Someone suggested that I use the triangle inequality as follows:

let $n=m+l$
$$|a_n-a_m|=|a_{m+l}-a_m|$$
$$|a_{m+l}-a_m|\leq |a_{m+l}-a_{m+l-1}|+|a_{m+l-1}-a_{m+l-2}|+...+|a_{m+1}-a_m|$$

Now by hypothesis, $|a_k-a_{k-1}|<10^{-k}$, so

$$|a_{m+l}-a_m|<10^{-(m+l)}+10^{-(m+l-1)}+...+10^{-(m+1)}$$.

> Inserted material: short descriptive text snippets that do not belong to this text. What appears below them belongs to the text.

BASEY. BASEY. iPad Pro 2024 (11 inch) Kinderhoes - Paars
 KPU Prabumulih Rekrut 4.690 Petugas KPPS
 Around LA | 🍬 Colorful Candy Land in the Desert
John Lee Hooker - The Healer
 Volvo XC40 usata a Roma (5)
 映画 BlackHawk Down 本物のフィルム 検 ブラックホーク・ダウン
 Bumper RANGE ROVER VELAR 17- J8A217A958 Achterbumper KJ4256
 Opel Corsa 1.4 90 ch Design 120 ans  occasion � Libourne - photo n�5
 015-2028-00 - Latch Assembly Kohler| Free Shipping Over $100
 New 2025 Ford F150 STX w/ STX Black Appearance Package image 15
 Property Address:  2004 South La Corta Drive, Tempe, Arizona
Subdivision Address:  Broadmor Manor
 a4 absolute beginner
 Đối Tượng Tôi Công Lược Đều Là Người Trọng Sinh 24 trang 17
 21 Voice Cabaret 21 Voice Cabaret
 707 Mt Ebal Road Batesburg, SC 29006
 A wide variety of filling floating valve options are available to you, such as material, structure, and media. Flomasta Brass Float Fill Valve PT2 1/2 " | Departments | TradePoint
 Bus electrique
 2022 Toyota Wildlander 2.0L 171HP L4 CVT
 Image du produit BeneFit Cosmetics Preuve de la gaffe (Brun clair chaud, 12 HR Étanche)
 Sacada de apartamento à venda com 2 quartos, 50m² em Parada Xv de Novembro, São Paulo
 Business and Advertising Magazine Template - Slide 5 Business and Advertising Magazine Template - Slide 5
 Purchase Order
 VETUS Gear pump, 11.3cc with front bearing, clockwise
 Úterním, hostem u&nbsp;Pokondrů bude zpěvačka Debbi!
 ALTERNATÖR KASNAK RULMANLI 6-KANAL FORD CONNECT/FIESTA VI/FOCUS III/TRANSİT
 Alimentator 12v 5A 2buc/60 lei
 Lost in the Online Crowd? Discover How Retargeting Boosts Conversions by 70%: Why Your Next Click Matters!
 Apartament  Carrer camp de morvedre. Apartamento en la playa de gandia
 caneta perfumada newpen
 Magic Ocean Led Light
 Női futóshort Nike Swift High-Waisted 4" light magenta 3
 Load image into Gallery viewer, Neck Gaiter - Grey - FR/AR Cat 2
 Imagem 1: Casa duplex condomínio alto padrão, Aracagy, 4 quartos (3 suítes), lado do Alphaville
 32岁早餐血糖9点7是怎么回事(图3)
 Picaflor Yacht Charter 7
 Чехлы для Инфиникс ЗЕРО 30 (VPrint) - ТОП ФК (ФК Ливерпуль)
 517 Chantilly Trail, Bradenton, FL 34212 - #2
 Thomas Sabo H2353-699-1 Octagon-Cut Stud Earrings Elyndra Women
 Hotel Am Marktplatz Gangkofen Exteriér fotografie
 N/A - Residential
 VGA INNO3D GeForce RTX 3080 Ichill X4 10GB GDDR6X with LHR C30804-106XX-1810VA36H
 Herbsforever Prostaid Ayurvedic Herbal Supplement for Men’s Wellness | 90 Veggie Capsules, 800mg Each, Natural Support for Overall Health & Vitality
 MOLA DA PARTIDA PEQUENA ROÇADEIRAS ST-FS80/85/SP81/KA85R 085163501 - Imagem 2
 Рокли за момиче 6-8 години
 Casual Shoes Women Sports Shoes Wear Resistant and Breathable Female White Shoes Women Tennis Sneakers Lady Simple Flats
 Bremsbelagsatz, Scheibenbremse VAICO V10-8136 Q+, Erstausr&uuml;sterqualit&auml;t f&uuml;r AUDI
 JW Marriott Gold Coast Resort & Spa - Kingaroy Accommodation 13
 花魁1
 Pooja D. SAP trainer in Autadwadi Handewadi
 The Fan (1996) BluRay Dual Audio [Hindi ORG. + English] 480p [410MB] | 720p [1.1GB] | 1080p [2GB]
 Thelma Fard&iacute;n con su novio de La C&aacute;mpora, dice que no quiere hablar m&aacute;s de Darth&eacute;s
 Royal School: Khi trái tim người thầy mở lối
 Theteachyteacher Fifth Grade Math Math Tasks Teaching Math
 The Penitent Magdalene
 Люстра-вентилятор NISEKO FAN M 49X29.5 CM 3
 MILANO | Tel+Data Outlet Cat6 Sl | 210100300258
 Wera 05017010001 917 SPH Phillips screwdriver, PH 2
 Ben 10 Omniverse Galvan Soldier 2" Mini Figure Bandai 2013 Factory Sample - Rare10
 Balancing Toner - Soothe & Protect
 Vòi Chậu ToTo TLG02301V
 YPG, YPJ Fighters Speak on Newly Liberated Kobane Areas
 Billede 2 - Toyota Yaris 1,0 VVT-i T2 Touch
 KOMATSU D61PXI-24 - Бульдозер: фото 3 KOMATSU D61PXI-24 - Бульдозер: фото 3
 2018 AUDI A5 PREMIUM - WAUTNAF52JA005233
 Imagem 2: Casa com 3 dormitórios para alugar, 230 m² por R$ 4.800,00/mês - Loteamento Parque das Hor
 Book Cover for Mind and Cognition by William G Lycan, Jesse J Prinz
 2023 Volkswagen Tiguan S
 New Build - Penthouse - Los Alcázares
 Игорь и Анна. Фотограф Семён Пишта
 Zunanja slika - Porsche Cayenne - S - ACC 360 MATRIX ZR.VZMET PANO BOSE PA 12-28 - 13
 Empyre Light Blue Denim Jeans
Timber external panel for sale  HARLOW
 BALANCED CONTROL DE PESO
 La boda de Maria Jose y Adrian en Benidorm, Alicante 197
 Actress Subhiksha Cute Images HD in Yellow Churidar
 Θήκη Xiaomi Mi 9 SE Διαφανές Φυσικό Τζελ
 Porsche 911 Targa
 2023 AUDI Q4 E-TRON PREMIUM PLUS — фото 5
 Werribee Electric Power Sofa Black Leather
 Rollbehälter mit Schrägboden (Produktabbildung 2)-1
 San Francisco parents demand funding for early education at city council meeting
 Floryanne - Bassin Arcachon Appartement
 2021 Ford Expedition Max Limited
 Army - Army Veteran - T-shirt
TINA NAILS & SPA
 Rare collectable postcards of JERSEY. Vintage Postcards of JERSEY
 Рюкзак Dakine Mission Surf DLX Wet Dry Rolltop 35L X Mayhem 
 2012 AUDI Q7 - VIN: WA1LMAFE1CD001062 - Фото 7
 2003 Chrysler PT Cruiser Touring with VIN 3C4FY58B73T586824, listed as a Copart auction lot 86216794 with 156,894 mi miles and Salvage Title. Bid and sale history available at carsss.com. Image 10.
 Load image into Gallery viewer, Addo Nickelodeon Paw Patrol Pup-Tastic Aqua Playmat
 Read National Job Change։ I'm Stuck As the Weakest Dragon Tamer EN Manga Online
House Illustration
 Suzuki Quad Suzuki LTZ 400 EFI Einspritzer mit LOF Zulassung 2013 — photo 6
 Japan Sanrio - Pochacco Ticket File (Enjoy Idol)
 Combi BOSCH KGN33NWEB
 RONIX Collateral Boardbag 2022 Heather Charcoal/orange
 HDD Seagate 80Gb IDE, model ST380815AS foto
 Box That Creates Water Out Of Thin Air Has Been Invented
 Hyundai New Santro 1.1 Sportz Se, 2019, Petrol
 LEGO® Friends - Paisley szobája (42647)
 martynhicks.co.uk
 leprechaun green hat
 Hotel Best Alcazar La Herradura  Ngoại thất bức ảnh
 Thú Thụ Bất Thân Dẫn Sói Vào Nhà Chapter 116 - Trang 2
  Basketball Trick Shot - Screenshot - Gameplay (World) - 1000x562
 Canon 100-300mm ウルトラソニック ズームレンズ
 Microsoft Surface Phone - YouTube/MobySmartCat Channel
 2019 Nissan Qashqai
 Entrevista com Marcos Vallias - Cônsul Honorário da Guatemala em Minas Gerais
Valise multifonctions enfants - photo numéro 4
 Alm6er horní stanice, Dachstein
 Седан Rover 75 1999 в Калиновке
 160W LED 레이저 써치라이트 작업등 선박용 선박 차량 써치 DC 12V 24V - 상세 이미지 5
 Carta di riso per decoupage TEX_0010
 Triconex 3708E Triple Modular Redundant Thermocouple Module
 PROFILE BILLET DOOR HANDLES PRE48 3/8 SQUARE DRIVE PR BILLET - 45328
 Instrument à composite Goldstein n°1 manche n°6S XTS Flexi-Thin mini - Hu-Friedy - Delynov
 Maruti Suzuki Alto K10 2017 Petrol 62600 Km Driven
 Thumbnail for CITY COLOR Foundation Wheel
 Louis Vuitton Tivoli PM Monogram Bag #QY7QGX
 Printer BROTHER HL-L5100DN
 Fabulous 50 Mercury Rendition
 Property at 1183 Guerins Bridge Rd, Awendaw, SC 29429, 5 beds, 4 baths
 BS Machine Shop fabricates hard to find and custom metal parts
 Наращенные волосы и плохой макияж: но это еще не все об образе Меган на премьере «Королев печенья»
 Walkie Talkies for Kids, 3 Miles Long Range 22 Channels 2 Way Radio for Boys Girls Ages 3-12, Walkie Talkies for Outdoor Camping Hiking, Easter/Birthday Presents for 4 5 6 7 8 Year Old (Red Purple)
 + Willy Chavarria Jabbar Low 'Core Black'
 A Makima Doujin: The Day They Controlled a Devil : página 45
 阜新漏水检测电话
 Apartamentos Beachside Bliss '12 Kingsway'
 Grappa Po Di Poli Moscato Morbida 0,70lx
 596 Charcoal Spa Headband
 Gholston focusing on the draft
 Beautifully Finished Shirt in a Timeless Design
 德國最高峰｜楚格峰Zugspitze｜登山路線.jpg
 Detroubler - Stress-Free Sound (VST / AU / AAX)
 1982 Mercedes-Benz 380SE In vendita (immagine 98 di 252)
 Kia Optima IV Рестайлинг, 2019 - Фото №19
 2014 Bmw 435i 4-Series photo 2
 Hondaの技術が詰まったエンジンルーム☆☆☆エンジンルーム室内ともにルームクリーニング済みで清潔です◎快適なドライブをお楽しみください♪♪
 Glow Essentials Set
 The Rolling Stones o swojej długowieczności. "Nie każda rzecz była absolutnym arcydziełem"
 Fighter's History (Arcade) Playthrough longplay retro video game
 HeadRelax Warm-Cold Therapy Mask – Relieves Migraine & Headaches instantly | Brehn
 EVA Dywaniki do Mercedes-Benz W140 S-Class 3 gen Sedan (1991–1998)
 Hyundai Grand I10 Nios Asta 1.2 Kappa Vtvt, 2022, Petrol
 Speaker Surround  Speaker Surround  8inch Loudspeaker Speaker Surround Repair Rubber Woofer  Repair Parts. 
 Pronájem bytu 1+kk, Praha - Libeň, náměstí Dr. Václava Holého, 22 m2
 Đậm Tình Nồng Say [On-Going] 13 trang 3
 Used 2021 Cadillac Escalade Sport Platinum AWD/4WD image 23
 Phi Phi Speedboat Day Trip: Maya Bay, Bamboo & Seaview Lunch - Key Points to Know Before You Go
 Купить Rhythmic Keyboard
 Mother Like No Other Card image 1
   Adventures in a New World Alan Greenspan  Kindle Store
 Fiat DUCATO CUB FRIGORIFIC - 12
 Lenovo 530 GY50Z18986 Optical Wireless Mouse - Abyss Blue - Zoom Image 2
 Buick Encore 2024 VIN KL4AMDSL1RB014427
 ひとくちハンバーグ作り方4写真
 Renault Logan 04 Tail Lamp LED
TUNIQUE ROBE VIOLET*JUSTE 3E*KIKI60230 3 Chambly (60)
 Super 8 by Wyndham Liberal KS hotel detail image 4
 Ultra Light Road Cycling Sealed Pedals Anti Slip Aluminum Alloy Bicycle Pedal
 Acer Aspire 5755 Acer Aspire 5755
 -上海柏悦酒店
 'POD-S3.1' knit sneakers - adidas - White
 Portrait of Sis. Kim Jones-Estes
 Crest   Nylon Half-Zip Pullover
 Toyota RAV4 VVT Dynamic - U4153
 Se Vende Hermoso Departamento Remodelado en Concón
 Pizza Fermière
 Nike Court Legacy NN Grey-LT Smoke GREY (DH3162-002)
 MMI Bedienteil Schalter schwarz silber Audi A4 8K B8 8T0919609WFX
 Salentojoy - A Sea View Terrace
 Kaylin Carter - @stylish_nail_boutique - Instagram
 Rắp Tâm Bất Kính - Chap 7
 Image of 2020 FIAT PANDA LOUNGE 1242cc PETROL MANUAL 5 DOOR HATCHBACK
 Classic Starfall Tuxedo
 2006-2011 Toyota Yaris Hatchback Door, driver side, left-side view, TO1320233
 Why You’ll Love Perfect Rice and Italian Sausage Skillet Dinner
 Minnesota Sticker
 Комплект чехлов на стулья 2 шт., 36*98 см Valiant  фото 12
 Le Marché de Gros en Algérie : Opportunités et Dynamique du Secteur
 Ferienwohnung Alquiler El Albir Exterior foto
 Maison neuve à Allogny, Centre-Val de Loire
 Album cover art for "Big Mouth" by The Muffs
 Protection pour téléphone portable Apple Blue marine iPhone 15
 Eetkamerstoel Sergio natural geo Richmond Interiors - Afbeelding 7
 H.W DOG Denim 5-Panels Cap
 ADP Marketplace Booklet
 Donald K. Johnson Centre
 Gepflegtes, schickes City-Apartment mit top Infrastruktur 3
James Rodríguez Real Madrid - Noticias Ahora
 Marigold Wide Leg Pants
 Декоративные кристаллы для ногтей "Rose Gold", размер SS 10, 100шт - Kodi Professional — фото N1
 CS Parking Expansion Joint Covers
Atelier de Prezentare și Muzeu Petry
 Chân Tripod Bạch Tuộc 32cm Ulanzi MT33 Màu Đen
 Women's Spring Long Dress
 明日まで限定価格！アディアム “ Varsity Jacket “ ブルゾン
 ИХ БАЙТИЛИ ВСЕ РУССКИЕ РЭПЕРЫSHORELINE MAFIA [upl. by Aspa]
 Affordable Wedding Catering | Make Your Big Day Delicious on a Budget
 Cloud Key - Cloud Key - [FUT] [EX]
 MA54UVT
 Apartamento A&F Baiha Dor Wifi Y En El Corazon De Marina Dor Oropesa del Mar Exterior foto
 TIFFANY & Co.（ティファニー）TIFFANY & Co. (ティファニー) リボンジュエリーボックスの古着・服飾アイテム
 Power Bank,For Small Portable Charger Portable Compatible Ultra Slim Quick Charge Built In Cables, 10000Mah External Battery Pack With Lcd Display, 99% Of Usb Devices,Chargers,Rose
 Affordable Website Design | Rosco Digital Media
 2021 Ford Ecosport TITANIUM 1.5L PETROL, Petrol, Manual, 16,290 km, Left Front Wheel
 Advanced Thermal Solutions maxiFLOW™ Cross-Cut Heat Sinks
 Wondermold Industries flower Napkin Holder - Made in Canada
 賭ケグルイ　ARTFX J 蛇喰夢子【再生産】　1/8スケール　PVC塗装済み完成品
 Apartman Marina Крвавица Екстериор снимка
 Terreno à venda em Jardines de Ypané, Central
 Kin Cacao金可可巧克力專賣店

It looks like we have an $\epsilon$ such that $|a_n-a_m|<\epsilon$. Before we get to the bounds on the limit, is that correct? Is anything missing?

2. Sep 12, 2005

### Tom Mattson

Staff Emeritus
You might take it a little further:

$$|a_{m+l}-a_m|<\sum_{i=0}^l 10^{m+l-i}$$

$$|a_n-a_m|<\sum_{i=0}^{n-m} 10^{n-i}$$

I'll let a real mathematician help you the rest of the way.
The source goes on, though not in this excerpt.